Collected data:
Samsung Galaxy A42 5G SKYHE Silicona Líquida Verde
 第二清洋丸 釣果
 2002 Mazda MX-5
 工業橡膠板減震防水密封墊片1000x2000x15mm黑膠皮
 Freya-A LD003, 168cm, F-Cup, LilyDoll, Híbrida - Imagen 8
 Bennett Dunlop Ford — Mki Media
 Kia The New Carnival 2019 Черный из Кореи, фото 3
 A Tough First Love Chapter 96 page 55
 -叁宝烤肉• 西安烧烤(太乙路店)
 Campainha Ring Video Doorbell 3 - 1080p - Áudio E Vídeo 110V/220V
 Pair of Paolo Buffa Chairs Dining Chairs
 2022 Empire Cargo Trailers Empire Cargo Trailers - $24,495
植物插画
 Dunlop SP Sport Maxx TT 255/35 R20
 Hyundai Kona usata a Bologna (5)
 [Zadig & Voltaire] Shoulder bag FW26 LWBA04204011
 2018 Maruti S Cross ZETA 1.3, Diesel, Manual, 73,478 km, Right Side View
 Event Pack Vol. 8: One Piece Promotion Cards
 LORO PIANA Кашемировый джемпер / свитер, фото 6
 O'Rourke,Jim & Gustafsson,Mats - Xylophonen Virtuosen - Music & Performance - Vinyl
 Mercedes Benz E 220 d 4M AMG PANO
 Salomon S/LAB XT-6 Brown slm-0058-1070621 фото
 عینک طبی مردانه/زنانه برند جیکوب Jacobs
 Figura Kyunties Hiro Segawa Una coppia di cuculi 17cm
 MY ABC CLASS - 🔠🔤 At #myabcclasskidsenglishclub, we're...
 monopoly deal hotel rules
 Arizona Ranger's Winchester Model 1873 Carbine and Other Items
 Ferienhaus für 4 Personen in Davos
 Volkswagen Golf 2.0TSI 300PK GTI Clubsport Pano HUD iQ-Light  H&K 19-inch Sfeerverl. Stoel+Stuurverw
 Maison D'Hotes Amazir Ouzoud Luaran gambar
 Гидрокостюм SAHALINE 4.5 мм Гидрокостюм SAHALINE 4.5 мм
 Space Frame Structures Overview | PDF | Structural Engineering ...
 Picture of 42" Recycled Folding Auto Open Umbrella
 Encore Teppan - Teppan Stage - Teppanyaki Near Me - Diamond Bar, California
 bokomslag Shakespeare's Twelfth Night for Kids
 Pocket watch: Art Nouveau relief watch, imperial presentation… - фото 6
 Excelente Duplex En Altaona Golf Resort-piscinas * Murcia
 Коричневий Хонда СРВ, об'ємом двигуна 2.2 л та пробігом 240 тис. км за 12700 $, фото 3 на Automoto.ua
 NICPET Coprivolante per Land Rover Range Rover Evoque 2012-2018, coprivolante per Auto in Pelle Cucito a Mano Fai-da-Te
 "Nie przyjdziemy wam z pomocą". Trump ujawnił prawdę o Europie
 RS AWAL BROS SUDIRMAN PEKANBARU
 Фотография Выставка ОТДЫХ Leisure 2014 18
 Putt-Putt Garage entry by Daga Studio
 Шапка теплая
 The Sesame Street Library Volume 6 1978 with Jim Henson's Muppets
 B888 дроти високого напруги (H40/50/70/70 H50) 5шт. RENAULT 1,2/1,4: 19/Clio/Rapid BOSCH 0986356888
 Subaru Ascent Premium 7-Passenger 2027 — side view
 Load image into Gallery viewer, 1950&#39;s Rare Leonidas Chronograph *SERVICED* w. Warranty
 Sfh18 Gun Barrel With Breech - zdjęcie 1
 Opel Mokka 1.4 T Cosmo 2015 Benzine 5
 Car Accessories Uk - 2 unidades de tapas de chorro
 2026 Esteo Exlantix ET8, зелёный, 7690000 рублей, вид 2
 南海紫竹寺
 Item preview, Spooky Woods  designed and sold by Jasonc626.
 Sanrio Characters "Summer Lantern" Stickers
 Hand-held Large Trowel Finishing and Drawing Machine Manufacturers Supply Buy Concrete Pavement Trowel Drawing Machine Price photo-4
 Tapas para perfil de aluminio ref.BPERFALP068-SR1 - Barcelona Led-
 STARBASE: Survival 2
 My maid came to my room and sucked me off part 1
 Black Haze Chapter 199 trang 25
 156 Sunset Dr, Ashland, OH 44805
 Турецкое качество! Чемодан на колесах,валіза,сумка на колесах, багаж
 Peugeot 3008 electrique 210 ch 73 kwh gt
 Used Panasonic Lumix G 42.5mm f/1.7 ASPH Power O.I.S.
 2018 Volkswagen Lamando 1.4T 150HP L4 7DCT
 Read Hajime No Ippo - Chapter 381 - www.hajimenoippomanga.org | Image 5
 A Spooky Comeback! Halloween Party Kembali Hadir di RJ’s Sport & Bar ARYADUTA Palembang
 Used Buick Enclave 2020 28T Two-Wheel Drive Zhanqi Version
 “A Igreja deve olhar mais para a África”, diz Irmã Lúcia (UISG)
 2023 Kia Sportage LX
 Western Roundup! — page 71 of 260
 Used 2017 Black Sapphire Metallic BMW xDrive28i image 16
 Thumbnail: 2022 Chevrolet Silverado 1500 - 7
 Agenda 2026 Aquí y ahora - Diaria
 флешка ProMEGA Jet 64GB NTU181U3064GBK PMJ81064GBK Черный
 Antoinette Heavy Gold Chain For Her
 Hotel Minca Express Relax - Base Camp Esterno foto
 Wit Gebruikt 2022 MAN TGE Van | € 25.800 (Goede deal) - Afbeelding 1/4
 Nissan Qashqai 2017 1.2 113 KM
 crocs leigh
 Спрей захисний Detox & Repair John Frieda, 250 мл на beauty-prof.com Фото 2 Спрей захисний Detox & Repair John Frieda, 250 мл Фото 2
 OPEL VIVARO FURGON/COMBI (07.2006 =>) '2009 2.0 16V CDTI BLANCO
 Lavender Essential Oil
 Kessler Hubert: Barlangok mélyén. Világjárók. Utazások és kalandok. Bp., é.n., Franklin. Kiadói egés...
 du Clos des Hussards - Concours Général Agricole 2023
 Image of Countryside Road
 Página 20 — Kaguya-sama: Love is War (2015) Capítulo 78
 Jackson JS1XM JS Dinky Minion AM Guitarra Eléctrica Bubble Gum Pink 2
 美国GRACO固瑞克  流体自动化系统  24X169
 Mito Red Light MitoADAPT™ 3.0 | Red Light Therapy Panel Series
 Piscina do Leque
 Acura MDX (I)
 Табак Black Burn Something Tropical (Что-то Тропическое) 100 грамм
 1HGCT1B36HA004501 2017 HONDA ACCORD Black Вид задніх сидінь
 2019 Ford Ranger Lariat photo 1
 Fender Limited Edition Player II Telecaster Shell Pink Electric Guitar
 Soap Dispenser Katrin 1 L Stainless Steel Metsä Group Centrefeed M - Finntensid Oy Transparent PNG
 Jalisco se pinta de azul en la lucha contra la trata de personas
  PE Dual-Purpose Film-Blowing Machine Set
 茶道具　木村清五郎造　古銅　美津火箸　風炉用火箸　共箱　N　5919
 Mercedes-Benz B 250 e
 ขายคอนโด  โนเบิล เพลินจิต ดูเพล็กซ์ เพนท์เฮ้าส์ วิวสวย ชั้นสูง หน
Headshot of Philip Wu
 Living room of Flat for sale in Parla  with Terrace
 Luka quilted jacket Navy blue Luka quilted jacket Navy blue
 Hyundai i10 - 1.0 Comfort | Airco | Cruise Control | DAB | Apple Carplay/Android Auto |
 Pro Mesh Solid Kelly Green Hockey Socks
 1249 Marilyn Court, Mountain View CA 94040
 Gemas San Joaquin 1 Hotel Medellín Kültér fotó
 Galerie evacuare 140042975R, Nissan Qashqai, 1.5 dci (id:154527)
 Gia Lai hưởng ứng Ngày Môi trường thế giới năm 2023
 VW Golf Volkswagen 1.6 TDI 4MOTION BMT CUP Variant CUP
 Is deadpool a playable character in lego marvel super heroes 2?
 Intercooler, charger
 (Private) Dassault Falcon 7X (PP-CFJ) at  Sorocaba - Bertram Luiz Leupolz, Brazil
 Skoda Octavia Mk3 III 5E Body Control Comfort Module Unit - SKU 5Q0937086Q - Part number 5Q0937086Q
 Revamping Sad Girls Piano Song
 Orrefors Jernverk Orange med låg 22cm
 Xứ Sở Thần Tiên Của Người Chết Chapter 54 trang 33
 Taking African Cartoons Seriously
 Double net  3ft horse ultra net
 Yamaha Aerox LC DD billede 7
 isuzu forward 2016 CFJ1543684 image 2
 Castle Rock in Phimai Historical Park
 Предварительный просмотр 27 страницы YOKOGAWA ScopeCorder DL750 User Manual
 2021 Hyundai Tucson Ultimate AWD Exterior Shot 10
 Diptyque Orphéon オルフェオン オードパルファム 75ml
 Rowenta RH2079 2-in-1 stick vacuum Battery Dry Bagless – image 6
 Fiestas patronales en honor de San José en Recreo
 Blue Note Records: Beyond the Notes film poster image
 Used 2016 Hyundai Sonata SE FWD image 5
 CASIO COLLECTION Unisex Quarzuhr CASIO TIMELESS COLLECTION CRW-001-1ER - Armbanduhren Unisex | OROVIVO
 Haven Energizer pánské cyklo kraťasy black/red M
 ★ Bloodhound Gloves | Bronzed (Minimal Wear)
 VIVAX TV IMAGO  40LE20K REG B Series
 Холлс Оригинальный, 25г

YOUR INSTRUCTIONS:
Gather up every line in the data above that contains the word "Volkswagen", copying each one.

EXERCISE RESPONSE:
 Volkswagen Golf 2.0TSI 300PK GTI Clubsport Pano HUD iQ-Light  H&K 19-inch Sfeerverl. Stoel+Stuurverw
 2018 Volkswagen Lamando 1.4T 150HP L4 7DCT
 VW Golf Volkswagen 1.6 TDI 4MOTION BMT CUP Variant CUP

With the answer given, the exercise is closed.